**EXERCISE DATA:**

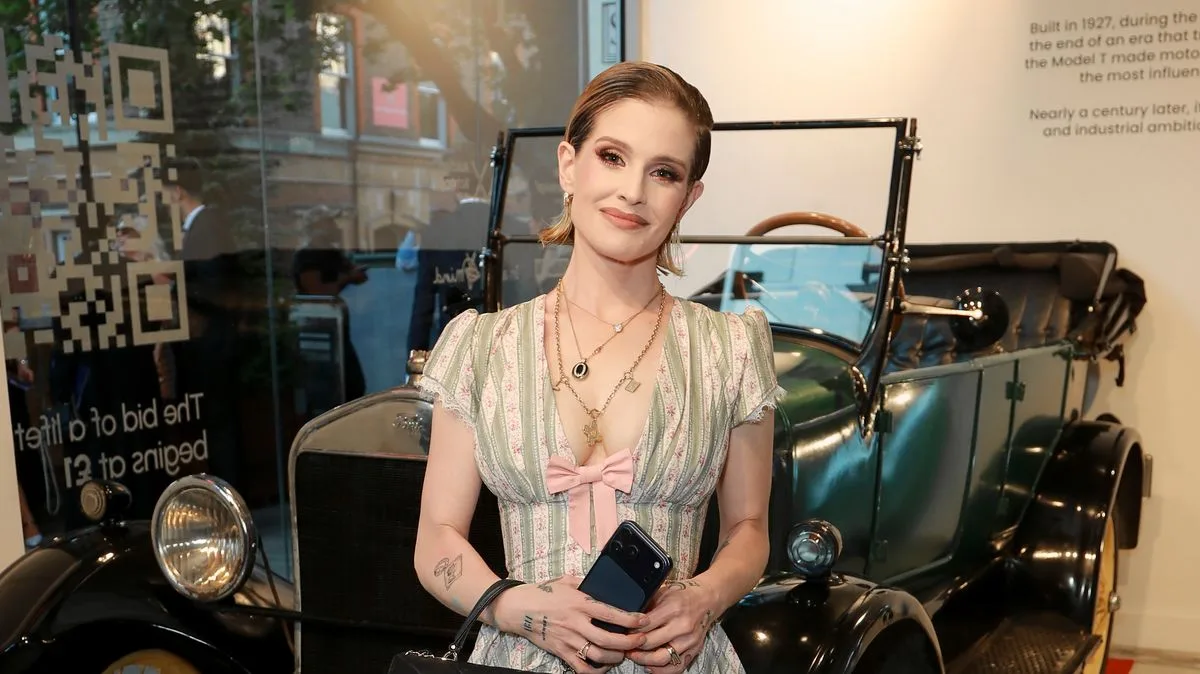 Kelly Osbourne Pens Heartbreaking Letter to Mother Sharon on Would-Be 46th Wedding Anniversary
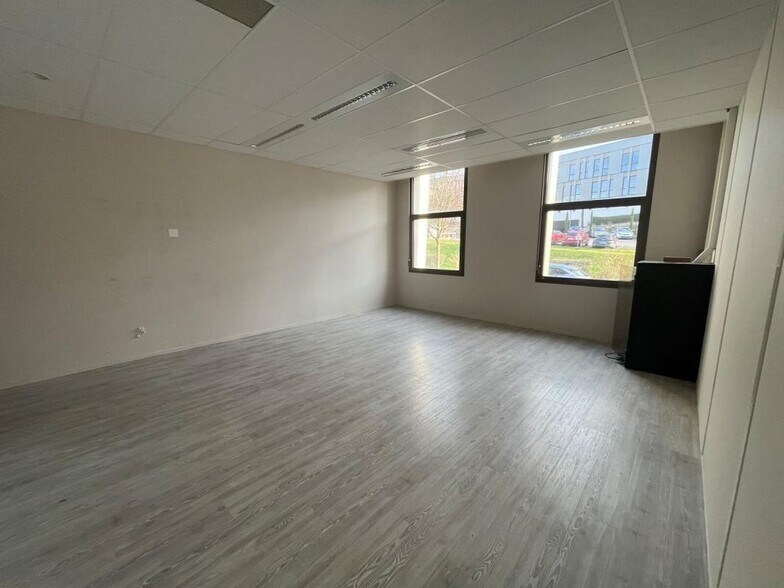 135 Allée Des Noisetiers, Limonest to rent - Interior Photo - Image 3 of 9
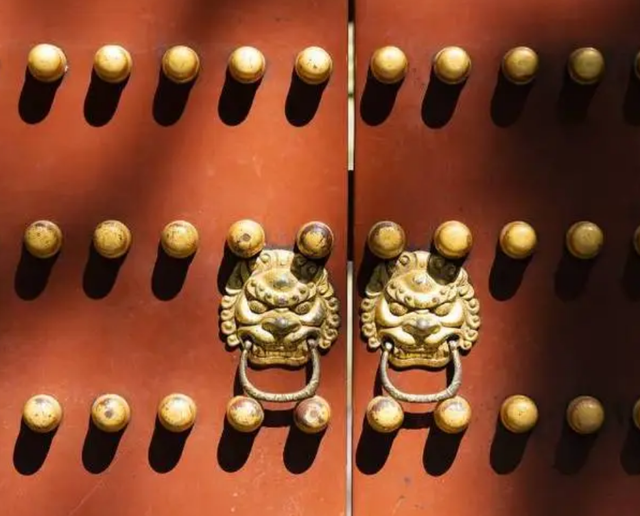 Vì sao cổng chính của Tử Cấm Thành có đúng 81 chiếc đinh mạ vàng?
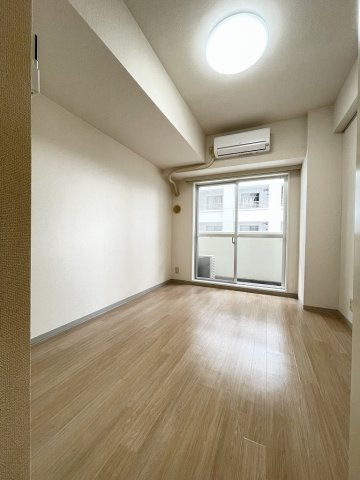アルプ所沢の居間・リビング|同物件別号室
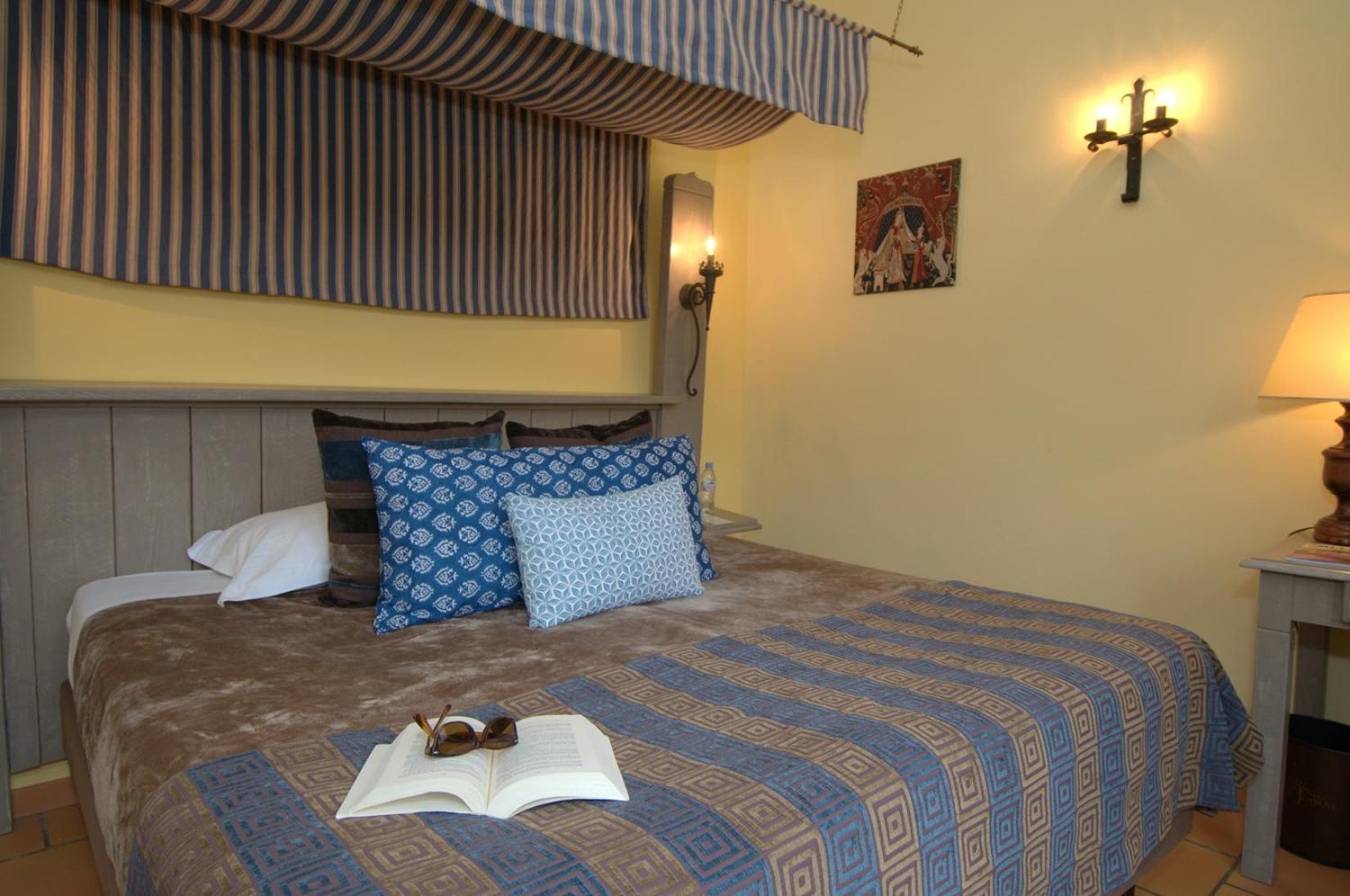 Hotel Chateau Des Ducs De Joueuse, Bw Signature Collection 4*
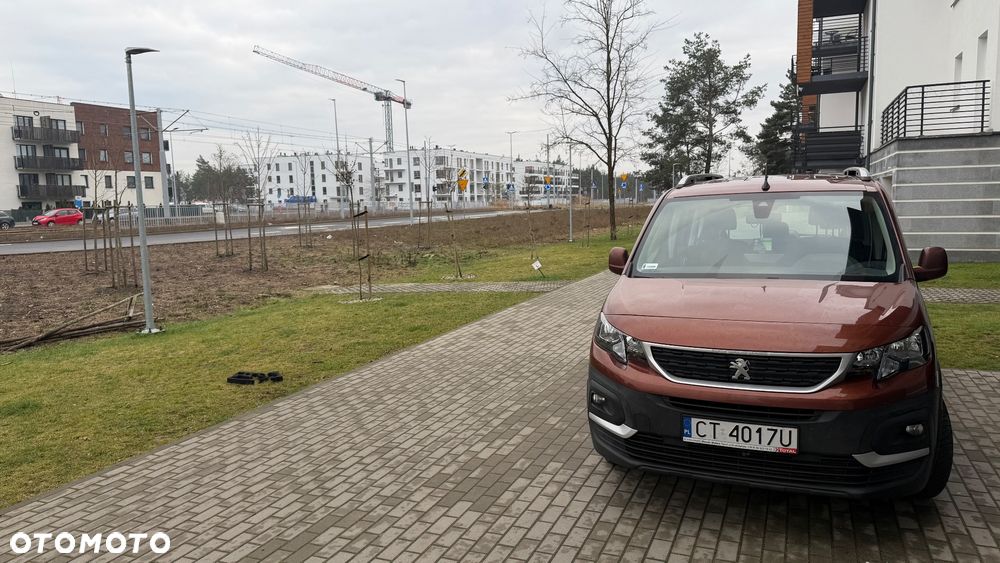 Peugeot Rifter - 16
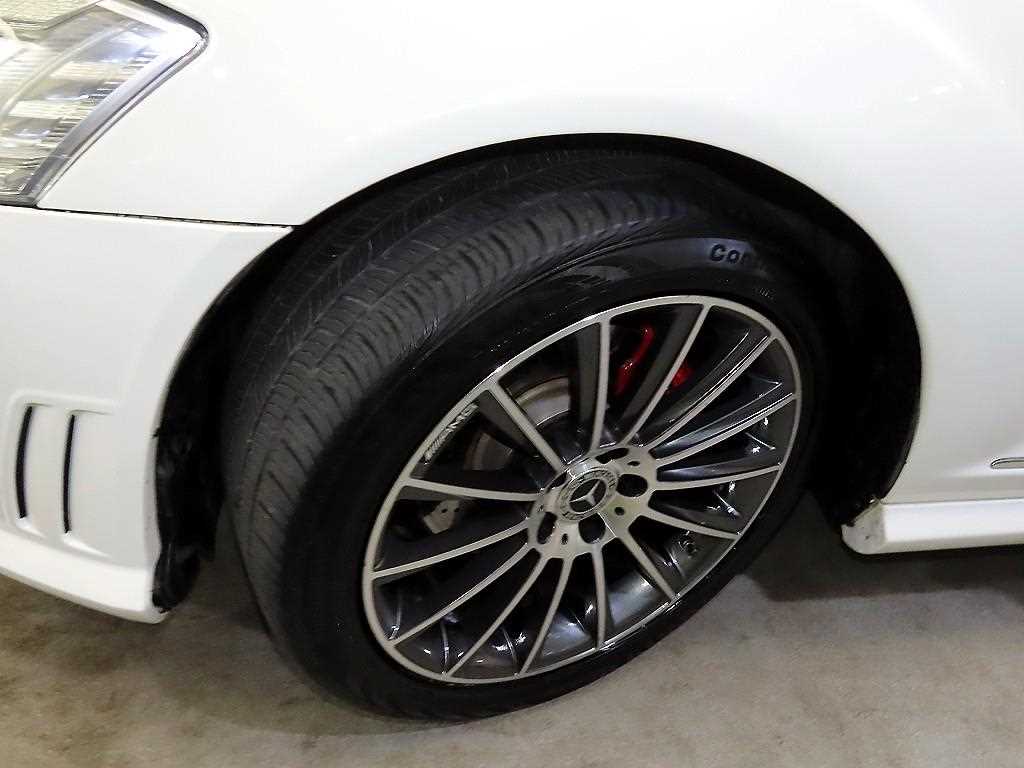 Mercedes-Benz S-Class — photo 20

**EXERCISE DETAILS:**
Retype all of the listing above exactly, but keep its pictures out.

**WORKED SOLUTION:**
 Kelly Osbourne Pens Heartbreaking Letter to Mother Sharon on Would-Be 46th Wedding Anniversary
 135 Allée Des Noisetiers, Limonest to rent - Interior Photo - Image 3 of 9
 Vì sao cổng chính của Tử Cấm Thành có đúng 81 chiếc đinh mạ vàng?
アルプ所沢の居間・リビング|同物件別号室
 Hotel Chateau Des Ducs De Joueuse, Bw Signature Collection 4*
 Peugeot Rifter - 16
 Mercedes-Benz S-Class — photo 20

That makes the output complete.